Старуха странно повела глазами и захихикала.

— Он там ищет греха, — неожиданно добавила она.

Нехорошее предчувствие стало закрадываться Ивану в душу по поводу твердости ума старой княгини Долгоруковой. Княгиня же, сказав: «Прощайте, юноша», дернула шнурок. Раздался звонок колокольчика, и тут же в дверях показалась давешняя горничная, которая явно подслушивала разговор молодого человека с княгинею. Безбородко коротко откланялся и вышел. Пройдя половину пути, горничная неожиданно сказала, оборотясь к Ивану:

— Вы уж простите, что вмешиваюсь не в свое дело, сударь, но вы слова княгини не воспринимайте всерьез.

— Почему это? — настороженно спросил молодой человек.

— Потому что она несколько того, не в своем уме. Про графа-то у нее уже давнее решение, что их сиятельство — от нечистой силы. Все потому, что ей страсть как обидно, что мадам еще при жизни князя с графом шашни крутила. А тут вы со своей историей про вампира.
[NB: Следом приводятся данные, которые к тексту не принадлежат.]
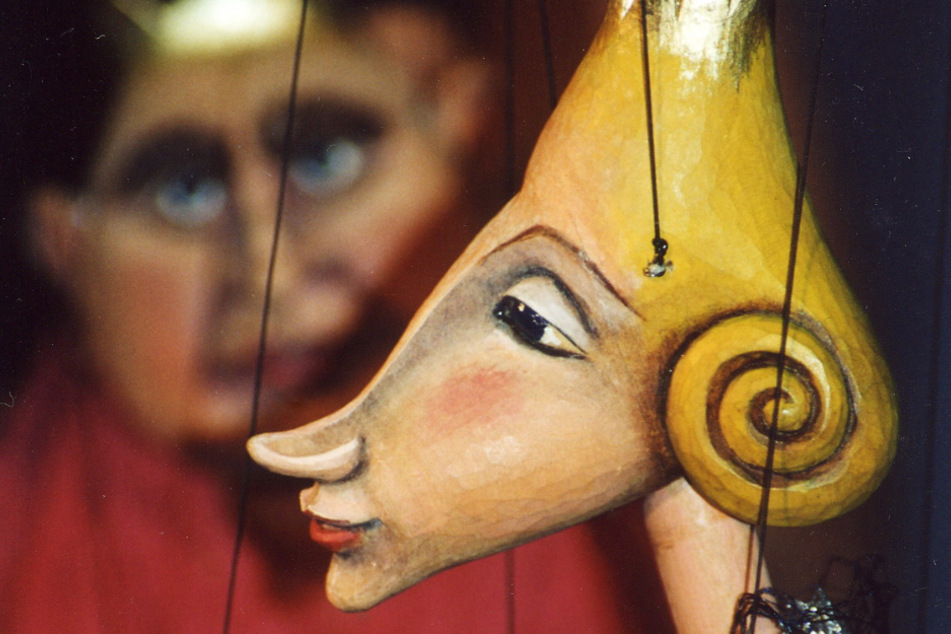 Das Figurentheater Ambrella aus Hamburg lädt ein.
Вот она и обрадовалась.

— Так, значит, все, что сказала старая княгиня, — все неправда? — забеспокоился Иван.

— Нет, не все, — обрадовала его горничная. — Правда то, что первое время граф с молодой женою тут жили, а потом переехали куда-то. Далее. Правда и то, что Александра Львовна уехали вместе с ними. А найти вы их действительно можете, ежели пойдете сей же час в трактир «Гуси-лебеди», что за Сенным рынком далее к Фонтанке. Обязательно найдите графа, — неожиданно добавила девица и вся вспыхнула.

— Почему вы мне помогаете? — изумился Безбородко.

Горничная вспыхнула еще сильнее и пошла провожать молодого человека далее.

— Потому что мадам, когда их сиятельство тут жили, приказывала мне с ним нехорошее делать, — тихим голосом призналась она.

Иван вышел из дома княгини Долгоруковой в полнейшей растерянности. Он уже и не понимал, есть ли граф Драчевский настоящий вампир или же это только лишь домыслы болезненного ума. В раздумье побрел он, глядя, как в сумеречной вечерней дымке расплываются очертания Петербурга. Мимо проезжал извозчик. Иван остановил его и приказал ехать в сторону Сенного рынка.

— Что, ваше вашество, желаете развлечений? — нагло ухмыляясь, спросил извозчик.

— Что ты такое несешь?

— Да, известное дело, у Сенного-то там, где Лавра, мужчине завсегда разных развлечений найтить можно, — весело объявил извозчик. — Но, родимая, поспешай, а то барину не терпится! — погнал он лошадку по мосту через Неву.